▶ _What to work on_: Of all the lines below, output only those starting at the one with "MEN'S NANO BODYWARMER coloris Gris fer" and ending at the one with "Appartments Zoe Agios", both ends included, exactly as written.

▶ _Records for the task_:

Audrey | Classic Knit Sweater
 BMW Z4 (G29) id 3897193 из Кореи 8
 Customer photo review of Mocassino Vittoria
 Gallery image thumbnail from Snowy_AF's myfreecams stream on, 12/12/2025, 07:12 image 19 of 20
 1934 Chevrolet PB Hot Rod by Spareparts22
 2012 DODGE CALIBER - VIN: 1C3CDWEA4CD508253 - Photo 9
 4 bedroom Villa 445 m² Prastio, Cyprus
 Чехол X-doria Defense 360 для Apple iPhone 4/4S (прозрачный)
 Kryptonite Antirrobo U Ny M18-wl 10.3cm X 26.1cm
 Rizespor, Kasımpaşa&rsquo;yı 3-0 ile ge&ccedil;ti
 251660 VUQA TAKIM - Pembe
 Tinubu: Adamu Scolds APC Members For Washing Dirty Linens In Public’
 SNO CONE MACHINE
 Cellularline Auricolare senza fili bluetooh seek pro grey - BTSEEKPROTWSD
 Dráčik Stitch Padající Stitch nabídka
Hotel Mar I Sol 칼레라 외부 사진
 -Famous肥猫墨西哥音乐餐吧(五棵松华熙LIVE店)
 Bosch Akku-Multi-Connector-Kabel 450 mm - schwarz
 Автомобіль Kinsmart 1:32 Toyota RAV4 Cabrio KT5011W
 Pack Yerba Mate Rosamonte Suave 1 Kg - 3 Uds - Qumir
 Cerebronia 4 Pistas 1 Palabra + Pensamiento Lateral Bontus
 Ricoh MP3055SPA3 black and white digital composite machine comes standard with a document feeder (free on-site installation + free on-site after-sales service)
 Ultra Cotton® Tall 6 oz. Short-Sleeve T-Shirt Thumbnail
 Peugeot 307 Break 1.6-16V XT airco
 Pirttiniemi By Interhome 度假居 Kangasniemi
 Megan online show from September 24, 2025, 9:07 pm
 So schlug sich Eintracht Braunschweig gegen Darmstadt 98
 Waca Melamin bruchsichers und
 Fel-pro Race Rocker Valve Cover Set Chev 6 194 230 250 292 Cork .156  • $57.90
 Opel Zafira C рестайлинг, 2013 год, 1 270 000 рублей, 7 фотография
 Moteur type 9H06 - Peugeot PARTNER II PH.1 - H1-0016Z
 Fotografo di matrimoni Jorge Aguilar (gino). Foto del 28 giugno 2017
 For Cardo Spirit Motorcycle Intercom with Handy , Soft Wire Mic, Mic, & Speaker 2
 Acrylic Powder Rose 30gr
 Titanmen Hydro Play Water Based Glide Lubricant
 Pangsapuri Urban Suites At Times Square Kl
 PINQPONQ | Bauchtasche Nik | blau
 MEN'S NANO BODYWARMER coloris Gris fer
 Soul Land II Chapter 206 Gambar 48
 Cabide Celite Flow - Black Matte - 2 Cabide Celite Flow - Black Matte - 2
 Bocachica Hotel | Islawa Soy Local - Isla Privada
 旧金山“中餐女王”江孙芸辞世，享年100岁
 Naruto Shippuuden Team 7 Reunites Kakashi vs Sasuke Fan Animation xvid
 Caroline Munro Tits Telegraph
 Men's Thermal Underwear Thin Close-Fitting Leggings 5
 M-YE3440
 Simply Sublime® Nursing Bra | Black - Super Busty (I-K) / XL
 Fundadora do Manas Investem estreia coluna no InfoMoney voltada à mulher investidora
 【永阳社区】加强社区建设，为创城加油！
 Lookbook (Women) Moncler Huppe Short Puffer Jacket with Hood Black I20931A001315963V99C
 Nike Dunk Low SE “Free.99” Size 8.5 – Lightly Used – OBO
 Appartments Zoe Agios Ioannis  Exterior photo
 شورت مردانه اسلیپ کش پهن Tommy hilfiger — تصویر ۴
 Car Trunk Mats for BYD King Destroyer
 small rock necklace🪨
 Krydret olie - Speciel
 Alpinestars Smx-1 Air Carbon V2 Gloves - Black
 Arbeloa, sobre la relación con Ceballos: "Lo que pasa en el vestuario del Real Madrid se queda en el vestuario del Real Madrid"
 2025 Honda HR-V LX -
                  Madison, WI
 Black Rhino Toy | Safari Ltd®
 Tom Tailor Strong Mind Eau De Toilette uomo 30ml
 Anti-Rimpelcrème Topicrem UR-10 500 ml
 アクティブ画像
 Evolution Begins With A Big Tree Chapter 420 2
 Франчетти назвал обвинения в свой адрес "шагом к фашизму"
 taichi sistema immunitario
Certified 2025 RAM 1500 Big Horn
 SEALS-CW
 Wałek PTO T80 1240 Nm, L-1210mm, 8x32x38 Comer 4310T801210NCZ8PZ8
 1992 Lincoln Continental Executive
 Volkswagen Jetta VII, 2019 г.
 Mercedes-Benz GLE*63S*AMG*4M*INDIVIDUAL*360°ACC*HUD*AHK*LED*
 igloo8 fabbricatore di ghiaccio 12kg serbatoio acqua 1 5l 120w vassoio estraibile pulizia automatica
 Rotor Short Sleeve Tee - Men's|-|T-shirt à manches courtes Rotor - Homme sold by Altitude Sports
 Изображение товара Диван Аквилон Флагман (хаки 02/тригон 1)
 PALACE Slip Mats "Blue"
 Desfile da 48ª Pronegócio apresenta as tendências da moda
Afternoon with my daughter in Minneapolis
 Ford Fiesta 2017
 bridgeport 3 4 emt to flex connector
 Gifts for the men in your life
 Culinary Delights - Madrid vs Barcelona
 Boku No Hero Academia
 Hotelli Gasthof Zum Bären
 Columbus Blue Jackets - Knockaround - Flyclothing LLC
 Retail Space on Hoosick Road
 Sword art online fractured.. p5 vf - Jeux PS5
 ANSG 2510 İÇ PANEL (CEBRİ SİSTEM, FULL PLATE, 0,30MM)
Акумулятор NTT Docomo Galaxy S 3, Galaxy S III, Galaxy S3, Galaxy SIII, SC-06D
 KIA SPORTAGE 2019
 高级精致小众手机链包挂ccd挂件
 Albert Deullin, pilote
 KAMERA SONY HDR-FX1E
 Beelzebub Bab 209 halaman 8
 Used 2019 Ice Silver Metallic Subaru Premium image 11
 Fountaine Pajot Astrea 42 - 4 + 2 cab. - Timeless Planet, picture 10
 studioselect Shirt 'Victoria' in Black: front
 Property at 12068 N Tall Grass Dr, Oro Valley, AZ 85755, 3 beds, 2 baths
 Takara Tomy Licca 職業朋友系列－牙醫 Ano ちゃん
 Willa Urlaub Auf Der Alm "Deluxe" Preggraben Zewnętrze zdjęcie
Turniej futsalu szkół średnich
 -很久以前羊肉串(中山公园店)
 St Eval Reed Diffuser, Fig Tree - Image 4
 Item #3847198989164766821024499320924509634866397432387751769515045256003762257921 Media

▶ _Problem solution_:
 MEN'S NANO BODYWARMER coloris Gris fer
 Soul Land II Chapter 206 Gambar 48
 Cabide Celite Flow - Black Matte - 2 Cabide Celite Flow - Black Matte - 2
 Bocachica Hotel | Islawa Soy Local - Isla Privada
 旧金山“中餐女王”江孙芸辞世，享年100岁
 Naruto Shippuuden Team 7 Reunites Kakashi vs Sasuke Fan Animation xvid
 Caroline Munro Tits Telegraph
 Men's Thermal Underwear Thin Close-Fitting Leggings 5
 M-YE3440
 Simply Sublime® Nursing Bra | Black - Super Busty (I-K) / XL
 Fundadora do Manas Investem estreia coluna no InfoMoney voltada à mulher investidora
 【永阳社区】加强社区建设，为创城加油！
 Lookbook (Women) Moncler Huppe Short Puffer Jacket with Hood Black I20931A001315963V99C
 Nike Dunk Low SE “Free.99” Size 8.5 – Lightly Used – OBO
 Appartments Zoe Agios Ioannis  Exterior photo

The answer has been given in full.